[Start of Attachment]
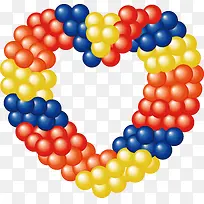 彩色拼合爱心气球-空若网 彩色拼合爱心气球-空若网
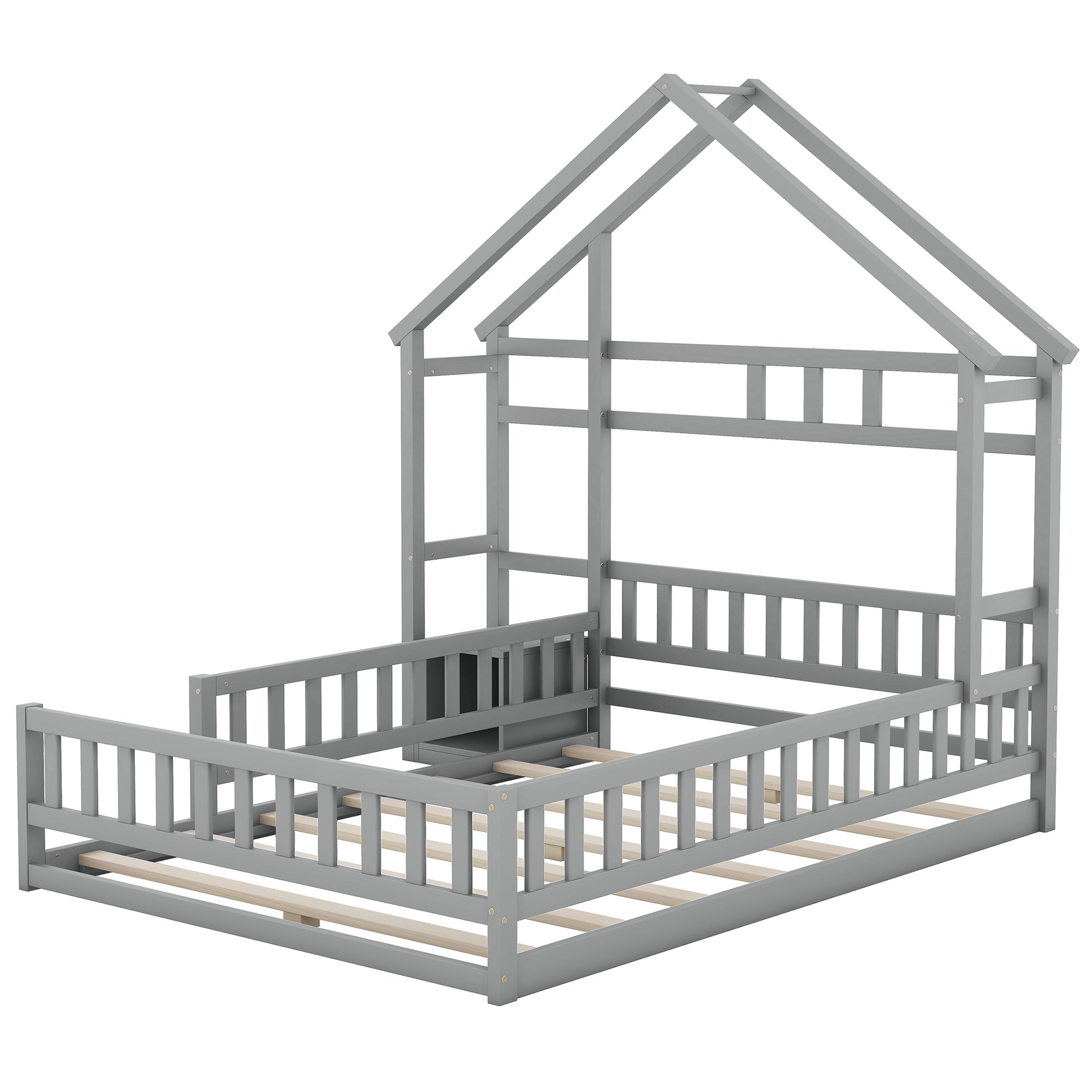 Logidon 140x200 cm huisbed grijs met reling en nachtkastje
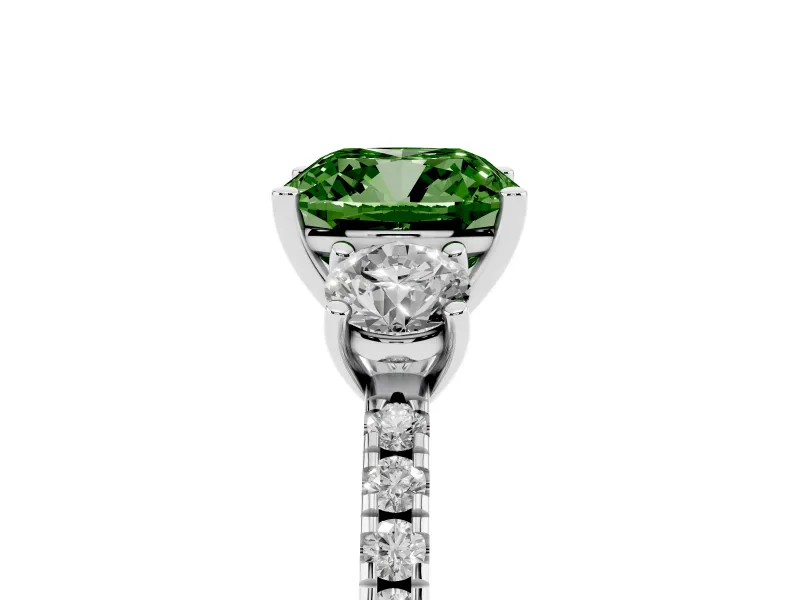 Cushion Cut Three Stone Engagement Ring Setting for a Fancy Green Lab-Grown Diamond | Pave Shoulders | White Gold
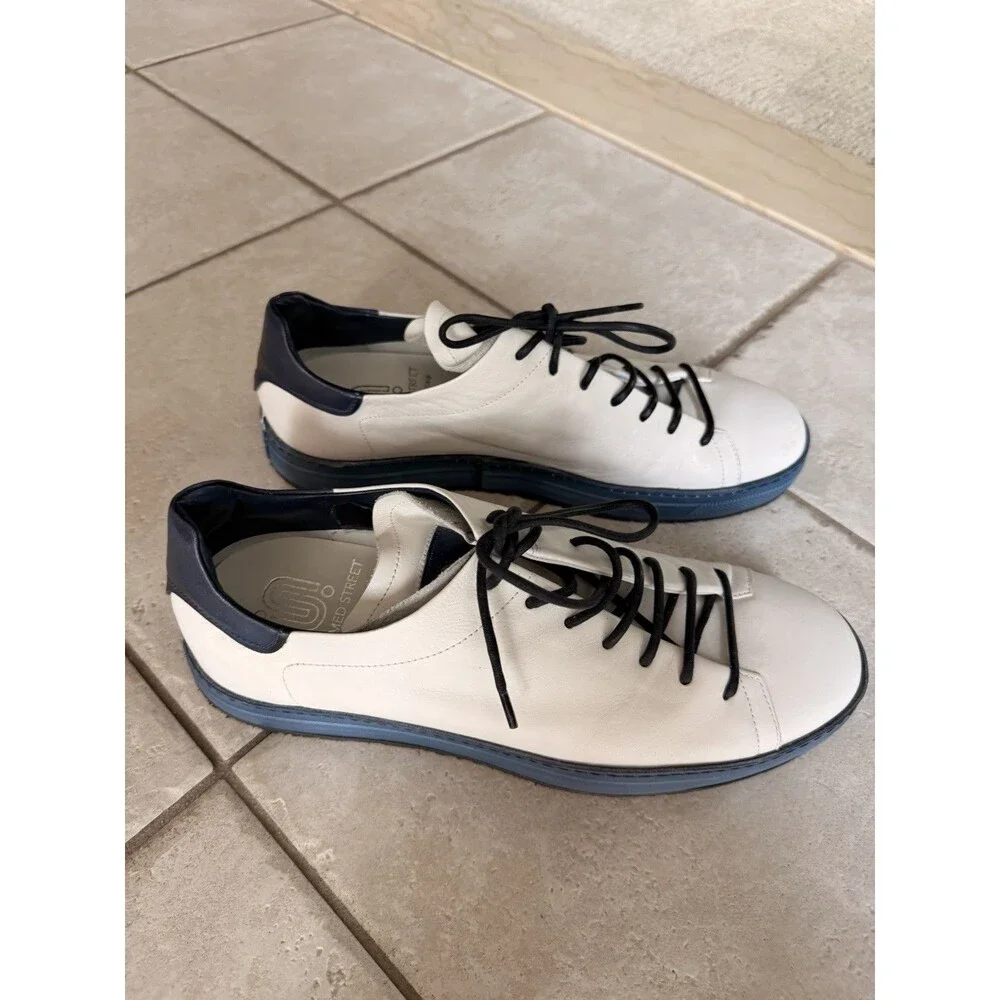 UNTAMED STREET HAYES Men’s 45 White Blue Leather Sneakers Made in Italy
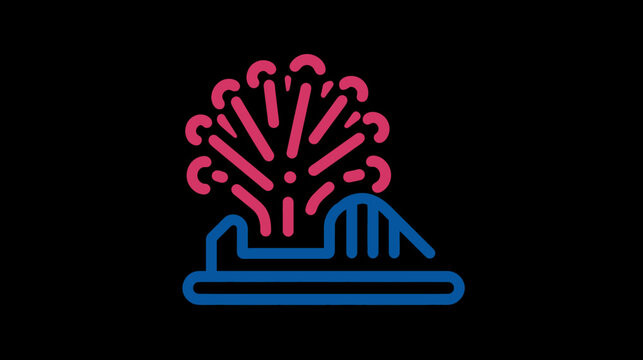 A stylized amusement park icon featuring a roller coaster and burst of fireworks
[End of Attachment]
> _Task goal_: The expected output is the exact run of lines from the one containing "Cushion Cut Three" through the final line of the data above, both ends included, with no pictures.

> _Response_:
 Cushion Cut Three Stone Engagement Ring Setting for a Fancy Green Lab-Grown Diamond | Pave Shoulders | White Gold
 UNTAMED STREET HAYES Men’s 45 White Blue Leather Sneakers Made in Italy
 A stylized amusement park icon featuring a roller coaster and burst of fireworks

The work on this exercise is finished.